Upgrade is on the way I'm gonna grab some chucks and try your method for the first smoke. Thanks alot.


----------



## bubblejunkie (Feb 10, 2012)

Well I steped in it,  decided I couldn't wait and cut up brand new machine, lol not smart, unless it works.

I cut bottom of chip tray out and just added a cast iron tray. I  think I'll be ble to add enough chips to only add once maybe twice, I'll closely moniter that.

Anybody see any potential problems??  The ability to add chips from the outside stays the same they just fall into cast iron square.


----------



## deltadude (Feb 11, 2012)

It is kind of hard to see what you did?  How about some better pics, try to make sure they are oriented correctly before uploading.  Maybe after some clear pics we can tell what you did?


----------



## bubblejunkie (Feb 11, 2012)

Its working now I'll take more pics later, basically just got rid of factory bottom tray and cut enough of the box out of the way to slide CI tray where factory tray was.


----------



## bubblejunkie (Feb 11, 2012)

Heres some better pics of what I think is gonna be a great mod, filled chips to start never needed to add, smoked for 4 hours before wrapping. I started smoker, got to temp (220) then added ambient temp meat after the smoke started. Not sure how others do it??????

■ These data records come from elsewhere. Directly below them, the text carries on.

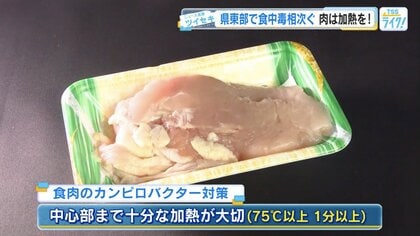 三原・尾道・福山で「カンピロバクター」食中毒相次ぐ　7月だけで少なくとも66人　鶏肉は十分に加熱を【広島発】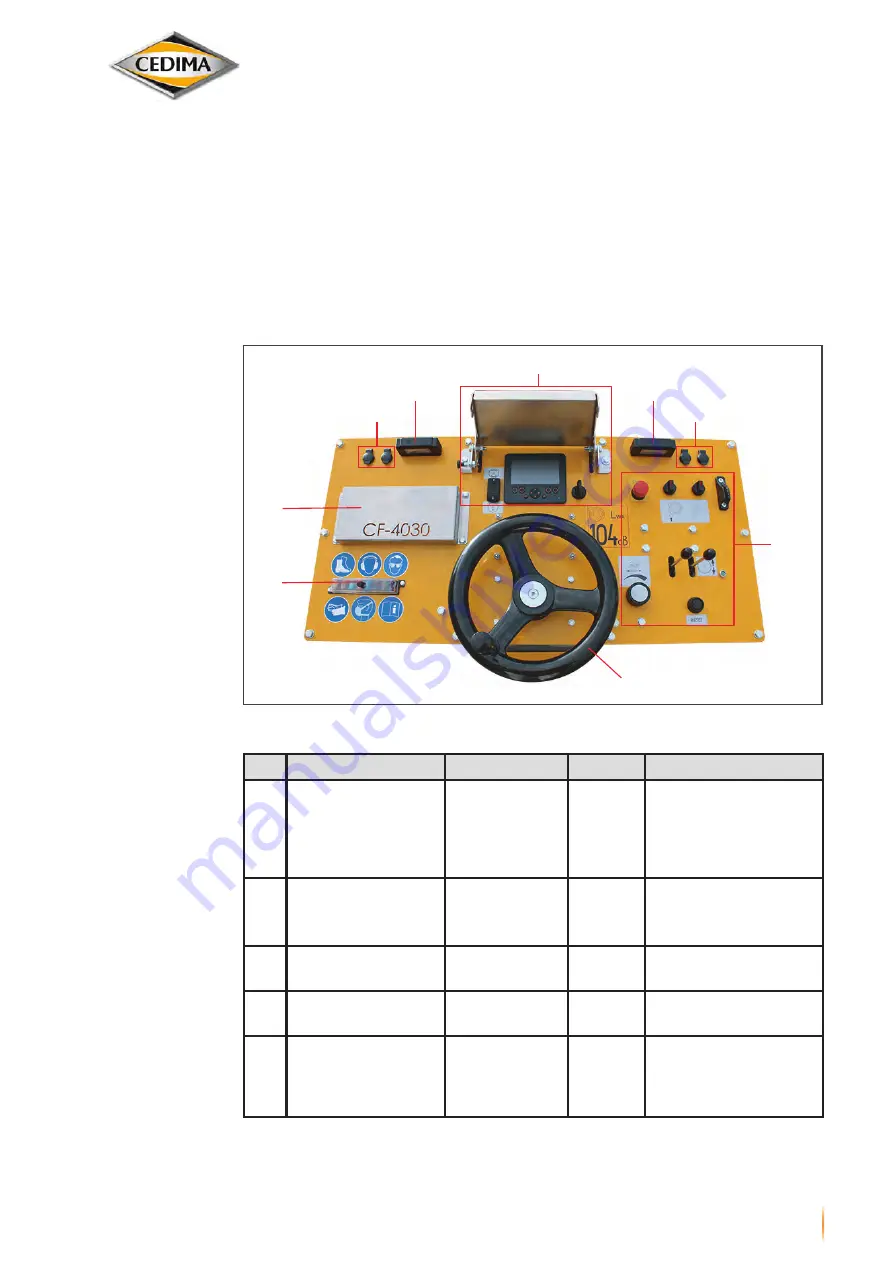 Cedima CF 4030 Скачать руководство пользователя страница 47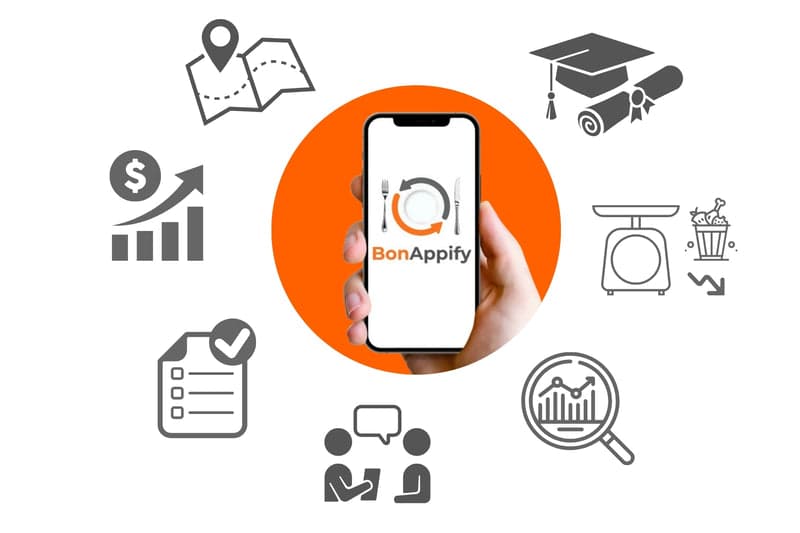 BonAppify sustainability cycle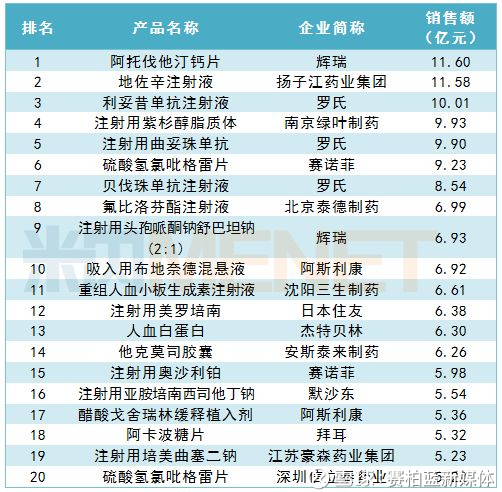 2023年全球暢銷藥TOP20解析 金額、品種與藥企排名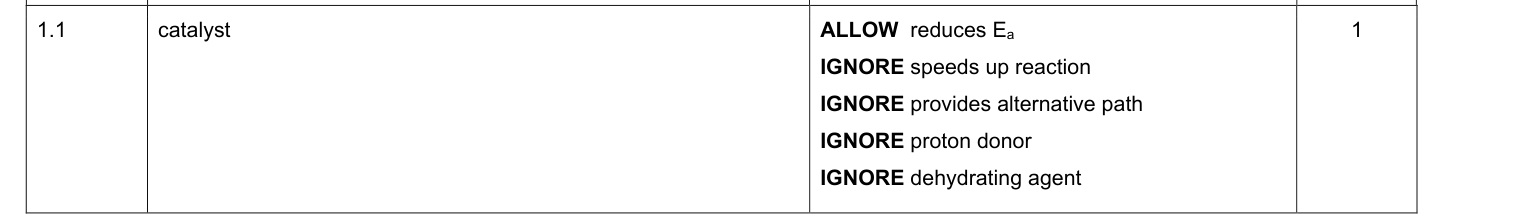 Mark scheme for 2023 A-Level Paper 3 Q1.1 (1 marks)
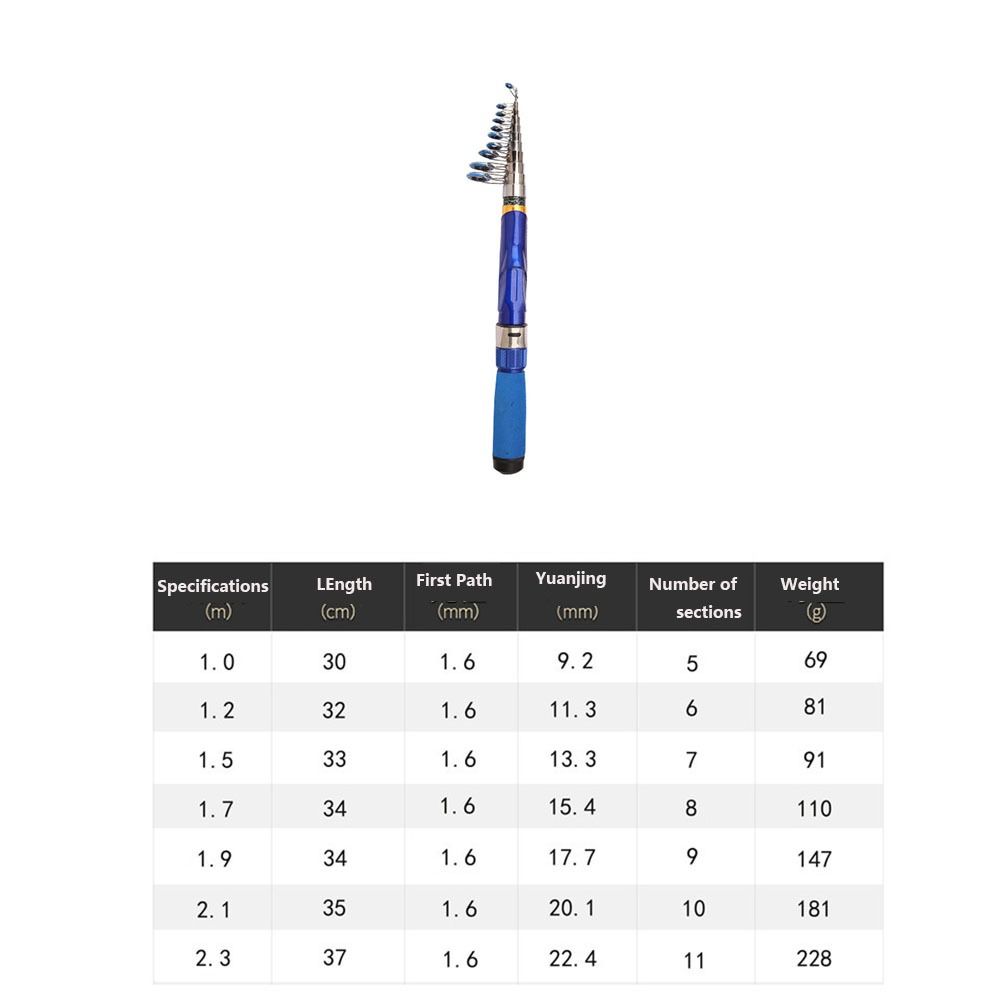 Телескопическая удочка для дальнего заброса Ультралегкая Высокочувствительная Маленькая морская удочка Стекловолокно Супержесткая Спиннинговая удочка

Anyone see potential problems?  Thanks alot got another forum to be addicted to.


----------



## deltadude (Feb 11, 2012)

Thanks for the extra pics.

They look good....

What is the tray made out of?

Where did you get the tray?

Approx. how much chips did you put in your new tray when you started the smoke?

What kind of chips, hickory, oak, apple?

How long after you started you added the chips and started smoke did it take to get smoke?

Would you consider the smoke steady, or did a bunch of wood ignite at once, did the chips ignite at a steady proportional rate?

30 minutes after you started your smoke, describe the smoke coming out of the MES?

 Was it very white, thin light color, some what dark, or very dark?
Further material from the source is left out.